SUPPLIED MATERIAL
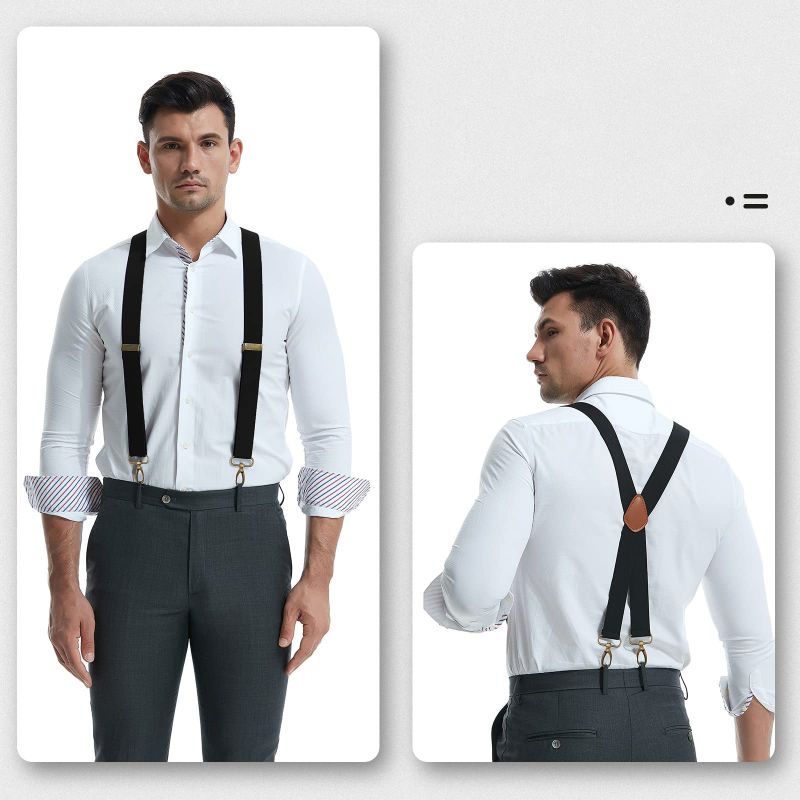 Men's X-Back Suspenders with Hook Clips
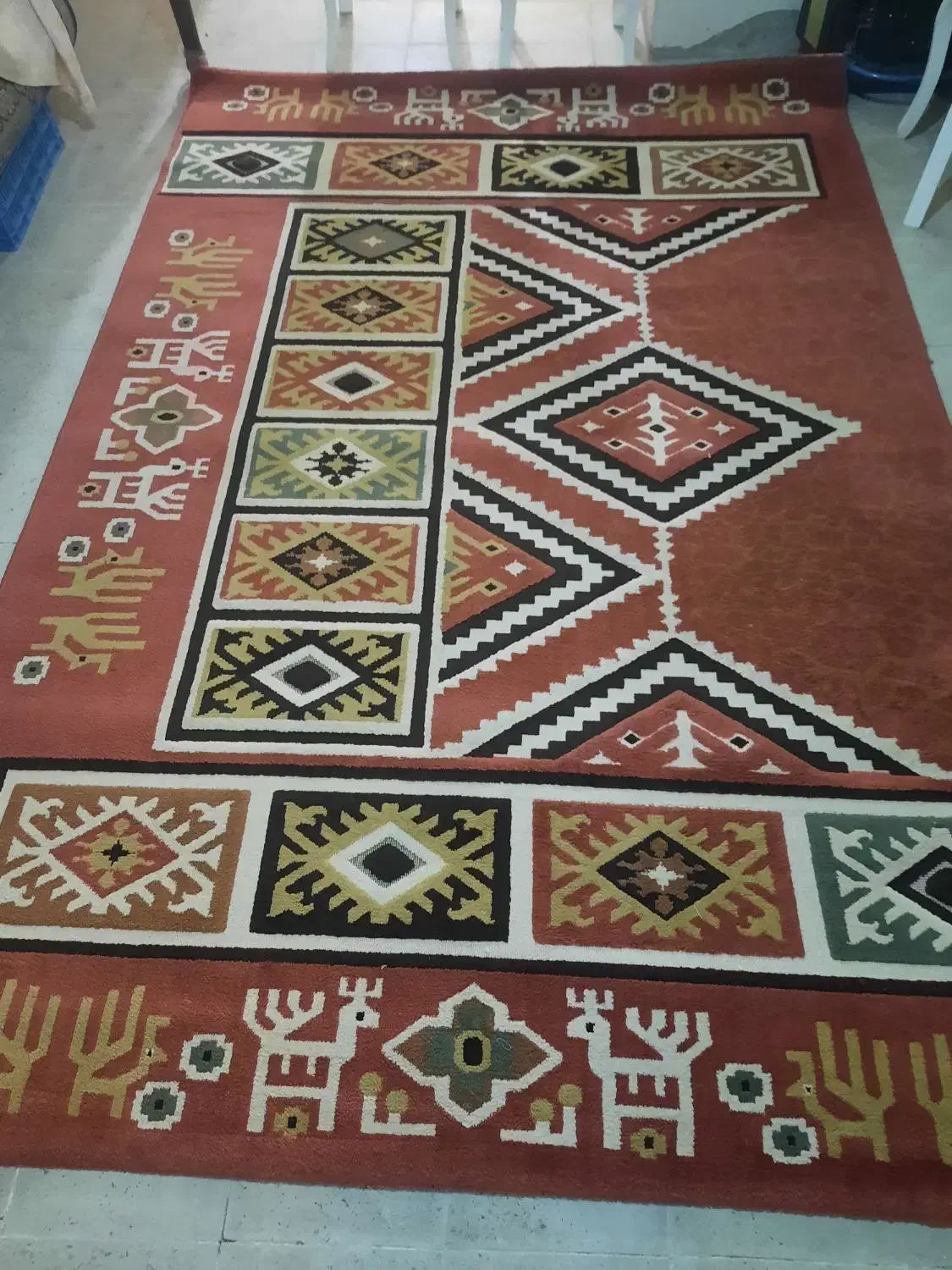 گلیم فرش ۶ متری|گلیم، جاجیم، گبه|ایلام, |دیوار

...

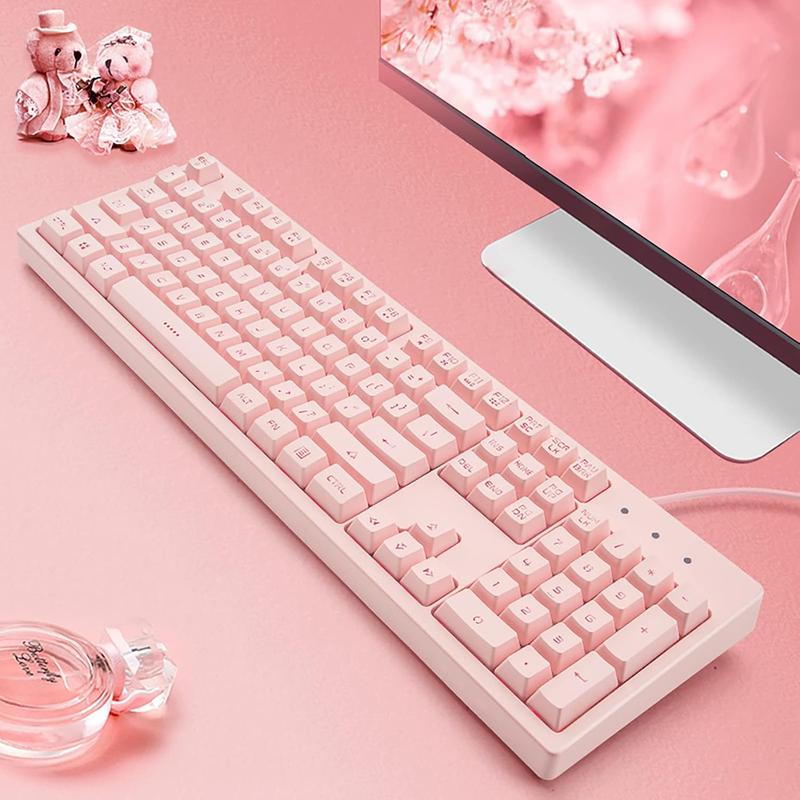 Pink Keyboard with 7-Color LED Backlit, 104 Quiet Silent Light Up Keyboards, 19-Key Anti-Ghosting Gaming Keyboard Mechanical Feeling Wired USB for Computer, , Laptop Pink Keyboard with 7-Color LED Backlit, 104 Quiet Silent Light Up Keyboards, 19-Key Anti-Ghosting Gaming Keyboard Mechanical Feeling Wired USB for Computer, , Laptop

TASK DESCRIPTION
The lines above starting at the one that holds "Men's X-Back Suspenders with Hook Clips" and ending at the one that holds "گلیم فرش ۶ متری|گلیم،" are to be written out exactly, ends included, and no pictures are to be copied.

YOUR RESPONSE
 Men's X-Back Suspenders with Hook Clips
 گلیم فرش ۶ متری|گلیم، جاجیم، گبه|ایلام, |دیوار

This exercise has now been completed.